Knapsack problem with a total item limit in Python

Question

I'm trying to solve a knapsack problem with Python with extra requirements. I've found lots of knapsack code and math explanations but I can't find anything that quite fits what I'm trying to do. To be honest, the math information is way over my head, so that's why I'm asking here. I would be happy to learn to use any available library, as long as its free. Numpy, pandas, ortools, etc.

Let's say I have $20 and I want to buy 6 individual beers for a mix-and-match six pack container. Each beer has a name, a type, a price (knapsack-like "weight"), and a review score (knapsack-like "value").
I want to buy the highest combination of review scores while also following these rules:

• Spend less than $20 total
• Buy 6 beers exactly
• I also want to be sure I always get 2 Lager, 1 Stout, and 1 Amber. The other 2 beers can be anything but all 6 beers have to be unique.

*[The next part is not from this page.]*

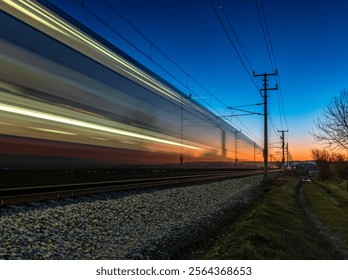 light trails of a train at sun down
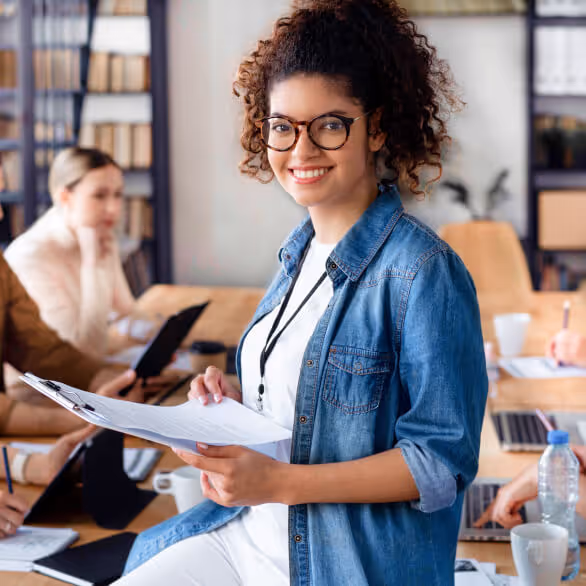 Woman with smiling with clipboard and paperwork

This is just a small list of data as an example. I know brute force might work here but my real data is much larger and my first attempts (before discovering this is a common problem) with brute force never finished, and would take way too long to find a solution. So I'm looking for something better than brute force.

capacity = 6
money = 20

beers = [ 
  {"name":"Beer1",  "type":"Lager",   "price":3.50, "score":4.1},
  {"name":"Beer2",  "type":"Porter",  "price":4.90, "score":4.5},
  {"name":"Beer3",  "type":"IPA",     "price":3.70, "score":4.0},
  {"name":"Beer4",  "type":"Stout",   "price":3.20, "score":4.2},
  {"name":"Beer5",  "type":"Amber",   "price":3.80, "score":3.9},
  {"name":"Beer6",  "type":"Stout",   "price":2.70, "score":2.9},
  {"name":"Beer7",  "type":"IPA",     "price":2.50, "score":3.2},
  {"name":"Beer8",  "type":"Pilsner", "price":3.10, "score":4.0},
  {"name":"Beer9",  "type":"Amber",   "price":3.00, "score":4.1},
  {"name":"Beer10", "type":"Porter",  "price":2.80, "score":3.3},
  {"name":"Beer11", "type":"IPA",     "price":3.70, "score":4.0},
  {"name":"Beer12", "type":"Lager",   "price":3.20, "score":4.2},
  {"name":"Beer13", "type":"Amber",   "price":3.30, "score":3.5},
  {"name":"Beer14", "type":"Stout",   "price":2.90, "score":2.8},
  {"name":"Beer15", "type":"Lager",   "price":3.20, "score":4.2},
]

The desired output would be a list of the names that were selected for the solution, like this: ["Beer12","Beer14","Beer13","Beer1","Beer7","Beer6"]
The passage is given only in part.